◆ Aim of the exercise
Reproduce word for word, from the entries below, the line with "Handcrafted Mango Wood", the line with "Adobe Hacienda - Retro", and every line between them, and nothing more.

◆ Working data
■ ■ ■ ■
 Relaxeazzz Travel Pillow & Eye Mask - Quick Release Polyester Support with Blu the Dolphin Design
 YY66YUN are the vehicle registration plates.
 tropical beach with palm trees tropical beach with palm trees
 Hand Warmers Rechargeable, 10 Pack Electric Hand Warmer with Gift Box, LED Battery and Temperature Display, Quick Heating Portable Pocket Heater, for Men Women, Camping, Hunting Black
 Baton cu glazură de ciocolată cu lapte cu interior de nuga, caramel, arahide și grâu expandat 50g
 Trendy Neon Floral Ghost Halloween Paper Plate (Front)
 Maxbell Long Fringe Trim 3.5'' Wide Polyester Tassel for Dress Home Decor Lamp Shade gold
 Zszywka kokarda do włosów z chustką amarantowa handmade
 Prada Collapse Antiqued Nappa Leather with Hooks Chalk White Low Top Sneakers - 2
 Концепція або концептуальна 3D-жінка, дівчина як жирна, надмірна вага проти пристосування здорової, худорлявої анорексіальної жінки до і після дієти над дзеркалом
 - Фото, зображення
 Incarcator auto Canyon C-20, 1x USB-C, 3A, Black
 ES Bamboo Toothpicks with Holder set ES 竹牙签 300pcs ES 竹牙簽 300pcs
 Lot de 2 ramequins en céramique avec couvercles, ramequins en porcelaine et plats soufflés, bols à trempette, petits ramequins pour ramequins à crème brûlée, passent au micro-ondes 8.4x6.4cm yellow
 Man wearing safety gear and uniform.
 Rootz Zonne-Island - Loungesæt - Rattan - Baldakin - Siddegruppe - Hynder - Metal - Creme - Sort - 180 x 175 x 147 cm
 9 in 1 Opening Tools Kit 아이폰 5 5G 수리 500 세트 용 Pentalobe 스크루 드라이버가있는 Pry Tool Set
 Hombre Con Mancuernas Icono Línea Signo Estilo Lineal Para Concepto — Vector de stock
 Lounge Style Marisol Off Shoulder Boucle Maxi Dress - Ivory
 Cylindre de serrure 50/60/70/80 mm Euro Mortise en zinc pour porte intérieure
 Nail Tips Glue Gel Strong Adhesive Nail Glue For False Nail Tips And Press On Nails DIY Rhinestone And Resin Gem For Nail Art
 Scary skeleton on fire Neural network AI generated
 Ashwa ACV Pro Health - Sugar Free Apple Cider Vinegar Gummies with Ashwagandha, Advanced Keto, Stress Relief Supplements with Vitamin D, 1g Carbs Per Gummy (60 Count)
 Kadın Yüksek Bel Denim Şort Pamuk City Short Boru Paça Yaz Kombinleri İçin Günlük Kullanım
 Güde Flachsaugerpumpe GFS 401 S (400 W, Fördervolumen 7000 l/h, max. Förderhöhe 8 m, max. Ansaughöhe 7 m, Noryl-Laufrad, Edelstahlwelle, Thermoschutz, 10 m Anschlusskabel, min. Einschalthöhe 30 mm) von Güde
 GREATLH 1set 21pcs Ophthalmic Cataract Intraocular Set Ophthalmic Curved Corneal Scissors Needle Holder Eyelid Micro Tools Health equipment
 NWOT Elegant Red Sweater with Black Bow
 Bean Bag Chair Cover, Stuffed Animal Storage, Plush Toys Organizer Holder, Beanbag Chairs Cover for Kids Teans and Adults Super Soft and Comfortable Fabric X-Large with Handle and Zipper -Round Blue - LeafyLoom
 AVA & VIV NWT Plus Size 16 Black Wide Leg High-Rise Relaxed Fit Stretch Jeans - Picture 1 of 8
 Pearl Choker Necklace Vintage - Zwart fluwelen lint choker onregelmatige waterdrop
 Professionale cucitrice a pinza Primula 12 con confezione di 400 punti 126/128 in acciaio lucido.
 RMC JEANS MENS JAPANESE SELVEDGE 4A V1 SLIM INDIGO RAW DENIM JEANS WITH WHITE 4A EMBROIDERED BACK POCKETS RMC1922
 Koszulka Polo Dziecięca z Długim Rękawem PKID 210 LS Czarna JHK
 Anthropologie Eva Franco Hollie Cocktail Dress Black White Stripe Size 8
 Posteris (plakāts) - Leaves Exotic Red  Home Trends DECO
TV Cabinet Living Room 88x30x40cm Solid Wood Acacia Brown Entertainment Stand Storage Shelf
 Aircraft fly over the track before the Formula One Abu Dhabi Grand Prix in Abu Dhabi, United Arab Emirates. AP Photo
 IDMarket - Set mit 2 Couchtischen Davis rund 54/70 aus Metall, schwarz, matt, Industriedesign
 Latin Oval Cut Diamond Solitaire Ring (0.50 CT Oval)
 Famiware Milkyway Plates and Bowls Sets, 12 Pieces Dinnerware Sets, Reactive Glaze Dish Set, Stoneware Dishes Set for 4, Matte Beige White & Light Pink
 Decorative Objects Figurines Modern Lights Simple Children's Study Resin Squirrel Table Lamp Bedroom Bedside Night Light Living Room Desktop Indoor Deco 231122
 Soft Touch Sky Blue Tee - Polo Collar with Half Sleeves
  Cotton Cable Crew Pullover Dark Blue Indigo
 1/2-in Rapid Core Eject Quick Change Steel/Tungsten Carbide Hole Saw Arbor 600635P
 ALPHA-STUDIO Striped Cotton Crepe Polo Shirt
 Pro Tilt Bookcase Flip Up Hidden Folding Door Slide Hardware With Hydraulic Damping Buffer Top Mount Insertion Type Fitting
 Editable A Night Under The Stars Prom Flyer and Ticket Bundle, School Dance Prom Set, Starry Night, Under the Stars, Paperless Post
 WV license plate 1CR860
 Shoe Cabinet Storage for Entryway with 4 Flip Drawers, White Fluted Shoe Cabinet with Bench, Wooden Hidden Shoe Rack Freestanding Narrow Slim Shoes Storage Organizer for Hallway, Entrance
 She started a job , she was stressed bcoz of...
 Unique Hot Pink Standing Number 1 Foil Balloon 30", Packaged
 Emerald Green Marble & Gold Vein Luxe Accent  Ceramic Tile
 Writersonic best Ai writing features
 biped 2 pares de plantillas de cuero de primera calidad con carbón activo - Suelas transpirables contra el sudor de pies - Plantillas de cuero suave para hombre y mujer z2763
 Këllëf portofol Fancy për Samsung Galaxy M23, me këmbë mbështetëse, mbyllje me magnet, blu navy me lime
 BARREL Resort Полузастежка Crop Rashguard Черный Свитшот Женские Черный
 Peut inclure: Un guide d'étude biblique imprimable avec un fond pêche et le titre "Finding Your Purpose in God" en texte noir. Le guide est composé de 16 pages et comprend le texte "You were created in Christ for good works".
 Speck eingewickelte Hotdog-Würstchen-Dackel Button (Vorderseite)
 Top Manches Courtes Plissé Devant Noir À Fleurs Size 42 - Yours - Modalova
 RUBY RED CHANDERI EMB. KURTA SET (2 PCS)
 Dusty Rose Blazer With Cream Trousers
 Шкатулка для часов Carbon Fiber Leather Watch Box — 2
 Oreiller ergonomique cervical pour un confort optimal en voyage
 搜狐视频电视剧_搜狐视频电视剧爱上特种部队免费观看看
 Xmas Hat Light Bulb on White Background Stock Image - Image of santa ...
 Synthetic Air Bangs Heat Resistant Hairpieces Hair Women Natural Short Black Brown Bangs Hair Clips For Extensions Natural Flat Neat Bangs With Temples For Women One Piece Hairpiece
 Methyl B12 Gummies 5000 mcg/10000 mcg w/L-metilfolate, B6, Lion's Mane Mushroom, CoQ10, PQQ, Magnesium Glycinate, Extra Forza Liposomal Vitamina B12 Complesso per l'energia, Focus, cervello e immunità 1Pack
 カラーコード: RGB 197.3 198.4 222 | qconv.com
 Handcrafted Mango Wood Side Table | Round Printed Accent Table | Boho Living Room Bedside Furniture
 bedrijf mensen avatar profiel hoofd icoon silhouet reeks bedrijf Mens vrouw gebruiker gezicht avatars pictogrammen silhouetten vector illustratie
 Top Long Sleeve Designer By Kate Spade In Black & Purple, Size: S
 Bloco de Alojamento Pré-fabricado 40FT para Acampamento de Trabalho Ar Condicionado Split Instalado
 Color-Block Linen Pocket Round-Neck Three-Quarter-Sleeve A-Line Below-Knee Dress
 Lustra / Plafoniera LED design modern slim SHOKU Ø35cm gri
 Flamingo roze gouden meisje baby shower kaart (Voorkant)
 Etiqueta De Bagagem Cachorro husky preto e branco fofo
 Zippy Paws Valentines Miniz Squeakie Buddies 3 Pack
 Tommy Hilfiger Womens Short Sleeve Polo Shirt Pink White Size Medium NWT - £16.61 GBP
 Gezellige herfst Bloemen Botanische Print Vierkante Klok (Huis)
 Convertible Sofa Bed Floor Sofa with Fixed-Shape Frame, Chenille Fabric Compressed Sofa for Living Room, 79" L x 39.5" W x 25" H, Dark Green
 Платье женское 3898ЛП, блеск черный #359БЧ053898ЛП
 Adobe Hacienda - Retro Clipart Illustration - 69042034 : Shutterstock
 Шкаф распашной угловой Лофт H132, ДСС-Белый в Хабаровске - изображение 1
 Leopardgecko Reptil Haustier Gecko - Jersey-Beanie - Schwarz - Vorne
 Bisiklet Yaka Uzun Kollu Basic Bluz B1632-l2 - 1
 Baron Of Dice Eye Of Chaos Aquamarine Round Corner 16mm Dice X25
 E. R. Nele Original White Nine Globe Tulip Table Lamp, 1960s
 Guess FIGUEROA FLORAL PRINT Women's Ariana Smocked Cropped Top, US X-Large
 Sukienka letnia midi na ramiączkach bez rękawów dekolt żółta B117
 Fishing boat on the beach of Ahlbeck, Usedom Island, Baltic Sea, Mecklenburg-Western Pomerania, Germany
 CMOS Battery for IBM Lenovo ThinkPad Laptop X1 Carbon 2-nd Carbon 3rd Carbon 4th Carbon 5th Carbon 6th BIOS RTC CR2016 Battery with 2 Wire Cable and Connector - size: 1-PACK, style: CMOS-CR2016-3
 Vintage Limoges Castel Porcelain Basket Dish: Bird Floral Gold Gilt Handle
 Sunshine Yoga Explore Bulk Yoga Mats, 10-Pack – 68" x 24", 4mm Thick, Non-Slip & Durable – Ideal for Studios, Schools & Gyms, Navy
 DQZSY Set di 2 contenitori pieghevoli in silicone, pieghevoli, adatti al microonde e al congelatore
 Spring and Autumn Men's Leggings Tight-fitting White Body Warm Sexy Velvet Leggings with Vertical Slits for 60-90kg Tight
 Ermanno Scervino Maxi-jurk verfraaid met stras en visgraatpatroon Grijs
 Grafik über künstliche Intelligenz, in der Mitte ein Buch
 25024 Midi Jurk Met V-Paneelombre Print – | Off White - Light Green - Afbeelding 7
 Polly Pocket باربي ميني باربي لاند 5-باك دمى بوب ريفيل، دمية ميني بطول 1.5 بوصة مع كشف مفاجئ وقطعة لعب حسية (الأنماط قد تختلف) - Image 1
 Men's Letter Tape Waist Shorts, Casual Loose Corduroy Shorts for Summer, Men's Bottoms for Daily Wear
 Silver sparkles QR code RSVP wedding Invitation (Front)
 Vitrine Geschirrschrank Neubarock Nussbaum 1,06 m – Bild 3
■ ■ ■ ■
◆ Answer to this task
 Handcrafted Mango Wood Side Table | Round Printed Accent Table | Boho Living Room Bedside Furniture
 bedrijf mensen avatar profiel hoofd icoon silhouet reeks bedrijf Mens vrouw gebruiker gezicht avatars pictogrammen silhouetten vector illustratie
 Top Long Sleeve Designer By Kate Spade In Black & Purple, Size: S
 Bloco de Alojamento Pré-fabricado 40FT para Acampamento de Trabalho Ar Condicionado Split Instalado
 Color-Block Linen Pocket Round-Neck Three-Quarter-Sleeve A-Line Below-Knee Dress
 Lustra / Plafoniera LED design modern slim SHOKU Ø35cm gri
 Flamingo roze gouden meisje baby shower kaart (Voorkant)
 Etiqueta De Bagagem Cachorro husky preto e branco fofo
 Zippy Paws Valentines Miniz Squeakie Buddies 3 Pack
 Tommy Hilfiger Womens Short Sleeve Polo Shirt Pink White Size Medium NWT - £16.61 GBP
 Gezellige herfst Bloemen Botanische Print Vierkante Klok (Huis)
 Convertible Sofa Bed Floor Sofa with Fixed-Shape Frame, Chenille Fabric Compressed Sofa for Living Room, 79" L x 39.5" W x 25" H, Dark Green
 Платье женское 3898ЛП, блеск черный #359БЧ053898ЛП
 Adobe Hacienda - Retro Clipart Illustration - 69042034 : Shutterstock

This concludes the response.